2.3 Working principle of word vector

The third chapter didn't think well...

Chapter 4 I didn't think about it...

Chapter 5 I didn't think about it...

Write at the end:

As soon as the Chat comes out, the coder is dead, the code is here, take it away!

Word2vec way:

Call SnowNLP directly

Literature reference:


statement of originality

        I completed this experiment with great interest, and added some of my simple understanding and preliminary views on the current related technologies of NLP. Some local language descriptions are not very serious. In order to save time, I introduced some research results and theories of academic papers in the discussion experiment, so some parts are not original to me, and I did not specifically mark the source of these results, but with a learning attitude, I insisted on writing Such a report, so this cannot be regarded as a formal dissertation report. By the way, some of the words may not be very accurate, but I think they are compelling, so I use them, so you don’t need to delve into them, just take a look at the things that can’t stand scrutiny, so if there are any deficiencies, please let me know. understanding.

Chapter One Introduction

1.1 Research Background

        With the rapid development of computer technology, people have entered the era of artificial intelligence.
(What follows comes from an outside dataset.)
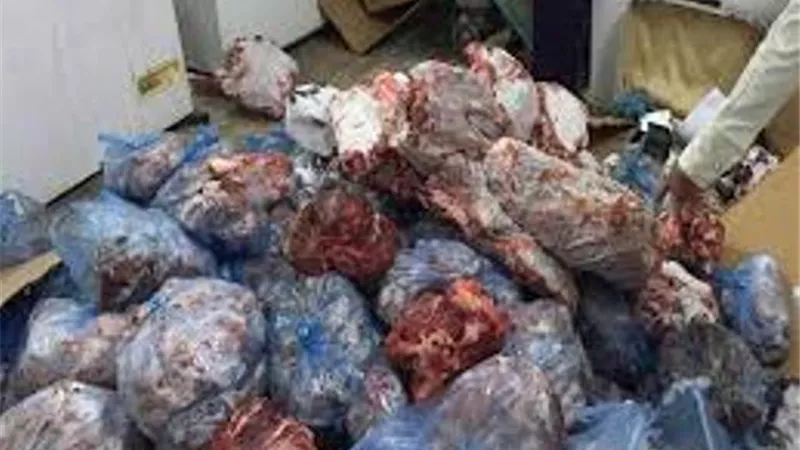 ضبط 3,6 طن من الاسماك وكبدة الفاسدة بأبو النمرس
In particular, ChatGPT , a Natural Language Processing ( Natural Language Processing ) tool driven by artificial intelligence technology newly launched by the American artificial intelligence research laboratory OpenAI , is extremely popular this year. The emergence of ChatGPT technology makes the application of artificial intelligence technology in language interaction become more widespread and widespread. On twitter , feedback from users who have used ChatGPT indicates that the intelligence of Chat version 3.0 based on the 21-year corpus training is already at the level of a puppy, while GPT-3 is just ChatGPT (here we skip versions 1 and 2 directly. ) based model, subsequent versions of Chat are improved on this model, and the latest version of GPT-4 is more accurate and more diverse . At the same time, GPT-4 has been connected to the software of various platforms, which is equivalent to connecting hands and feet to this already powerful brain. While adding more practicality and fun to users , it can Let it fully play its due role in various fields of human beings, and drive the development of human scientific and technological civilization to a higher level.The only fly in the ointment is that domestic users have certain difficulties in using this technology, and the price of ChatGPT is relatively high. If you want to use the latest version of ChaGPT (it is said that version 5.0 will also be launched), users need to pay $20 per month. According to the latest exchange rate calculation (6.8680,as of2023-03-25 05:00) , domestic users will spend at least 137 yuan per month, which is simply unacceptable for poor people like me! So let's use version 3.5, if you can prostitute 4.0 for nothing... hhh

Shortly after the launch of ChatGPT, a group of companies emerged in China, immediately launched a shell product about ChatGP, quickly occupied the domestic market, harvested leeks, and sought benefits. up. At the same time, Baidu launched a similar product in March this year - Wenxin Yiyan. What is more interesting is that on the day of the press conference, after Robin Li introduced this product, Baidu's stock began to fall, and most netizens thought that Wenxin A word is nothing compared to ChatGPT. Recently, the media is also hyping about the Pangu model that Tencent will launch. Most netizens who understand the national conditions are not very optimistic about this. I only applied for newbing's API interface, and openAI's ChatGPT4 interface, and only Microsoft's has passed (in fact, it is GPT version 3.0), and openAI has not responded to my message so far. I only heard of Wen Xin's words, and I applied for it yesterday, but I haven't paid attention to the others. I think domestic artificial intelligence technology still needs to be improved, and domestic artificial intelligence technology has a long way to go.

1.2 Subject research

        There are various communication platforms on the Internet. Since the development of the Internet in China, major Internet companies have launched QQ, WeChat, Tieba, Weibo, Zhihu and other social software for people to use. These apps have greatly changed the way of communication between people, allowing people to express their thoughts more efficiently and accurately, and people have different views on every issue, more or less with personal emotional tendencies, As an NLP scholar, we naturally have to analyze these emotional viewpoints and judge the emotions of these people. As for the analysis method I will use, I will talk about it later. Among various social software, Weibo covers a wide range of groups, with hundreds of millions of daily active users. With the development of the past few years, the increase in the number of Weibo users has made the interactive content of Weibo more diversified, and the rich and diverse content ecology can enable users to get a better experience. Massive emotional texts are generated every moment on Weibo, involving politics, economy, entertainment, sports and other fields, and generally full of emotional tendencies and personal positions, with very rich research value. Therefore, in this topic, we take Weibo as an example, use natural language processing technology (NLP), build a model for the obtained Weibo corpus, and then use the trained model to perform word segmentation and sentiment analysis on the training set.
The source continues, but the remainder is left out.